Старик подошел к ней вплотную. Дарья вдруг вскинула руки и, охватив шею свекра, скрестив пальцы, пятилась, увлекая его за собой, шепча:
– Вот тут, батя... Тут... мягко...
– Ты чегой-то? – испуганно спрашивал Пантелей Прокофьевич.
Вертя головой, он попытался освободить шею от Дарьиных рук, но она притягивала его голову к своему лицу все сильнее, дышала в бороду ему горячим ртом, смеясь, что-то шепча.
– Пусти, стерва! – Старик рванулся и вплотную ощутил тугой живот снохи.
Она, прижавшись к нему, упала на спину, повалила его на себя.
– Черт! Сдурела!.. Пусти!»
А теперь вернемся к Аксинье и к первому упоминанию о лазоревом цветке:
«Не лазоревым алым цветом [прим. Шолохова: лазоревым цветком называют на Дону степной тюльпан], а собачьей бесилой, дурнопьяном придорожным цветет поздняя бабья любовь»). Ровно такое же примечание обнаруживаем и к строке «шолоховского» рассказа «Кривая стежка» (1925): «…рваная рана и красное пятно крови, расцветавшее на рубахе лазоревым цветком.

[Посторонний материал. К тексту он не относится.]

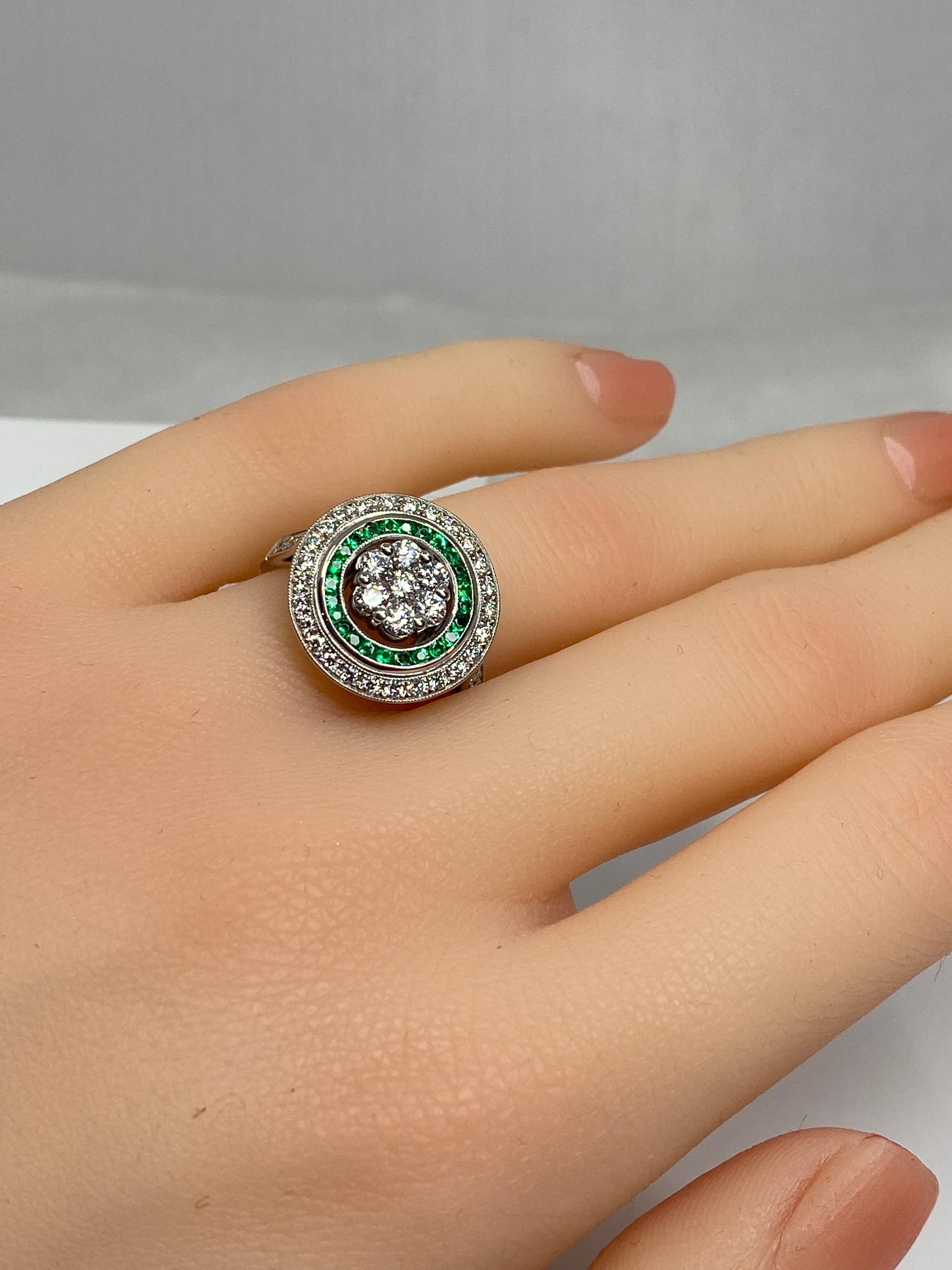 18 Carat Gold Round Ring Set with Calibrated Emeralds and Diamonds Art Déco Styl In New Condition In VERSAILLES, FR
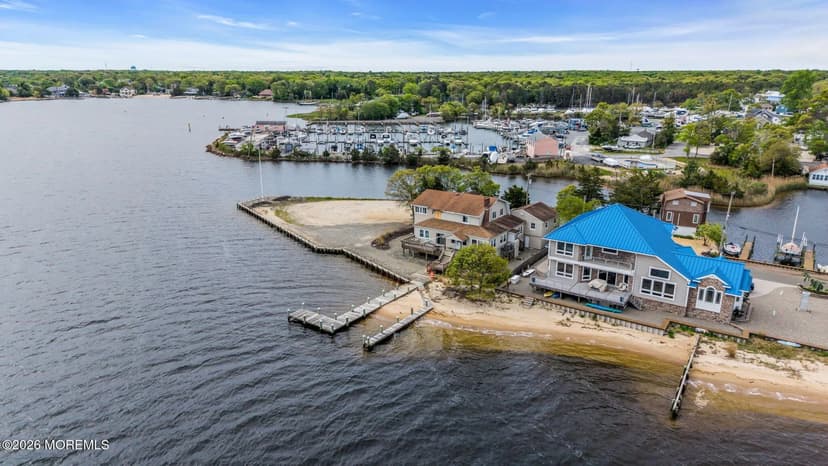 Property from 119 Harbor Court - KW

Ясно, что редакторами (или самим Шолоховым) в первом случае добавлен второй, избыточный (и к тому же неправильный) эпитет. Было: «Не лазоревым цветом, а собачьей бесилой, дурнопьяном придорожным цветет поздняя бабья любовь». То есть налицо противопоставление: лазоревый – сине-лиловый, медовый и целомудренный цвет риз Богородицы, а любовь Аксиньи цветет «собачьей бесилой» (тут звучит и сука, и бес) и дурнопьяном из канавы.
Итак, мы вновь убедились, что начальный текст протографа Шолоховым и его подельниками изнасилован и перекрашен.